In June 1936 Wilkinson asked the President of the Board of Trade, Walter Runciman, to apply pressure to the steel industry to help Jarrow. He ignored her. A deputation from Jarrow Town Council met Runciman to ask for help, but received a similar response. The town was galvanised by Runciman’s dismissiveness. This was the warm-up to the Jarrow March.
Preparations began for a protest march of around 200 men to London to petition Stanley Baldwin’s government. There was lukewarm support from the Labour Party. The union-hating Bishop of Durham, the laugh-a-minute Hensley Henson, denounced it outright, although the Bishop of Jarrow, James Gordon, blessed it.
The march, or “crusade”, started on October 5, 1936 from Jarrow Town Hall. It was largely ignored by Baldwin and what it actually achieved remains a matter of historical debate. Nevertheless, its symbolism is potent and Wilkinson was at its heart.
World War Two
Having seen first hand the consequences of fascism in both Germany and Spain, Wilkinson supported Britain’s 1939 declaration of war, although she was highly critical of Prime Minister Neville Chamberlain.
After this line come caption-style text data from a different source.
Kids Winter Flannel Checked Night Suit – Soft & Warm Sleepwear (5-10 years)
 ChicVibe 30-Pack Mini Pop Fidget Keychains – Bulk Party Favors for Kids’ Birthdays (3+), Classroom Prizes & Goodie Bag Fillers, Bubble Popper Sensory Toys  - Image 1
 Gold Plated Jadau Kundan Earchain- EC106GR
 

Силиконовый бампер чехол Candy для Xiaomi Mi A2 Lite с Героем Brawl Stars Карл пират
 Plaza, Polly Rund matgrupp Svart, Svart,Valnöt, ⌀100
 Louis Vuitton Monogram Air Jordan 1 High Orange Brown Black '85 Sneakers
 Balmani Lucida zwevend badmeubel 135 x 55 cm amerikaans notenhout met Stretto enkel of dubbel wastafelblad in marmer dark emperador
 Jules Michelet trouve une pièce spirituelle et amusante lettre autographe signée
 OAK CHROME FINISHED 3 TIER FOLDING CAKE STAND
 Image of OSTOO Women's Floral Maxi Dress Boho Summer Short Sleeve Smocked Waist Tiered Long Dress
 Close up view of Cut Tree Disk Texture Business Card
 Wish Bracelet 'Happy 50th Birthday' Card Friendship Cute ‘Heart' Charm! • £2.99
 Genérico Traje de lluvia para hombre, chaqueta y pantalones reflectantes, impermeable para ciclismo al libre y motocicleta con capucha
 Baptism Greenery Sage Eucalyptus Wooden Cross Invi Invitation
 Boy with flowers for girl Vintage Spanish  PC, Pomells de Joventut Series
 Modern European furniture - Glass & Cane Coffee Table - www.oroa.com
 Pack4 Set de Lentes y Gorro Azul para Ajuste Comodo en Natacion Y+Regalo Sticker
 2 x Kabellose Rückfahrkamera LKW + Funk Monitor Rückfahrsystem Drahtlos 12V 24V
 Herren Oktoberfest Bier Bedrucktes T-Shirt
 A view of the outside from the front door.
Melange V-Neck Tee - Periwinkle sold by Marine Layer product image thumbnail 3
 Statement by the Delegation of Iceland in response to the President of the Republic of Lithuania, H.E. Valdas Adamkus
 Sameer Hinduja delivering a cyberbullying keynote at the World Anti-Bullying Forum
She had virtually zero in common with the incoming PM Winston Churchill too.
But the great man recognised talent when he saw it and, following a brief spell at Pensions, Wilkinson was appointed Parliamentary Secretary at the Home Department and responsible for civil defence, including air raid shelters. She also ruffled a few feathers by conscripting women to the Auxiliary Fire Service.
When war ended in 1945, her star rose higher. She became only the second ever female cabinet minister when appointed Minister for Education in Clement Attlee’s Labour government; raising the school leaving age. She was only the third woman to become a Privy Councillor.
Sad end and legacy
But she would go no further. Years of heavy smoking and bronchial asthma led to pneumonia. She died in hospital on February 6, 1947, three days after being found in a coma in her London flat. She was just 55. Wilkinson had overdosed on barbiturates. Opinion is divided as to whether she did so deliberately.
She never married, although she had a lengthy extra-marital affair with the socialist writer Frank Horrabin.
Although no great shakes as a novelist, she was still an accomplished writer. Perhaps her most important work was her 1939 book The Town That Was Murdered – which was about about Jarrow.
She wrote: “Jarrow’s plight is not a local problem. It is the symptom of a national evil."
Even those who disagreed with everything she stood for respected her as a conviction politician and Ellen Wilkinson forever belongs to Jarrow.